The aim of this study was to examine the cost-effectiveness of an orthopedic videoconferencing service between the University Hospital of North Norway and a regional medical center in a remote community located 148 km away.
An economic evaluation based on a randomized controlled trial of 389 patients (559 consultations) referred to the hospital for an orthopedic outpatient consultation was conducted. The intervention group (199 patients) was randomized to receive video-assisted remote orthopedic consultations (302 consultations), while the control group (190 patients) received standard care in outpatient consultation at the hospital (257 consultations). A societal perspective was adopted for calculating costs. Health outcomes were measured as quality-adjusted life years (QALYs) gained. Resource use and health outcomes were collected alongside the trial at baseline and at 12 months follow-up using questionnaires, patient charts, and consultation records. These were valued using externally collected data on unit costs and QALY weights. An extended sensitivity analysis was conducted to address the robustness of the results.

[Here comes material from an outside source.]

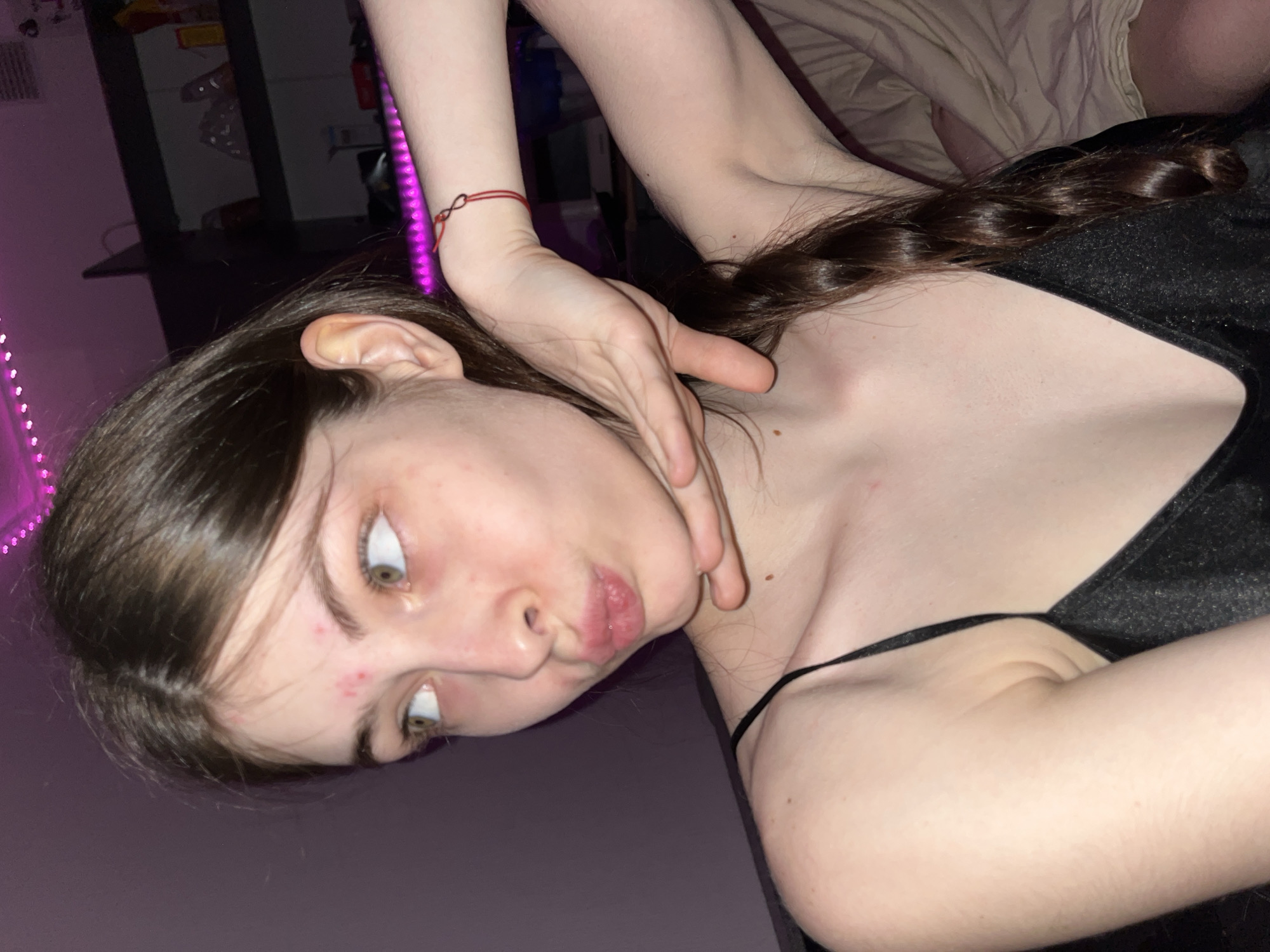 A close-up shot shows a young woman with light skin, brown hair, and green eyes lying down. She wears a black top with thin straps. Her head is tilted, and her face displays a slight pout. Another person's hand, also with light skin, is positioned near her neck. A red bracelet adorns the wrist of this hand. The background includes hints of a room with purple lighting and furniture. There is no evidence indicating the location is Saint Petersburg, Russia.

This study showed that using videoconferencing for orthopedic consultations in the remote clinic costs less than standard outpatient consultations at the specialist hospital, as long as the total number of patient consultations exceeds 151 per year. For a total workload of 300 consultations per year, the annual cost savings amounted to €18,616. If costs were calculated from a health sector perspective, rather than a societal perspective, the number of consultations needed to break even was 183.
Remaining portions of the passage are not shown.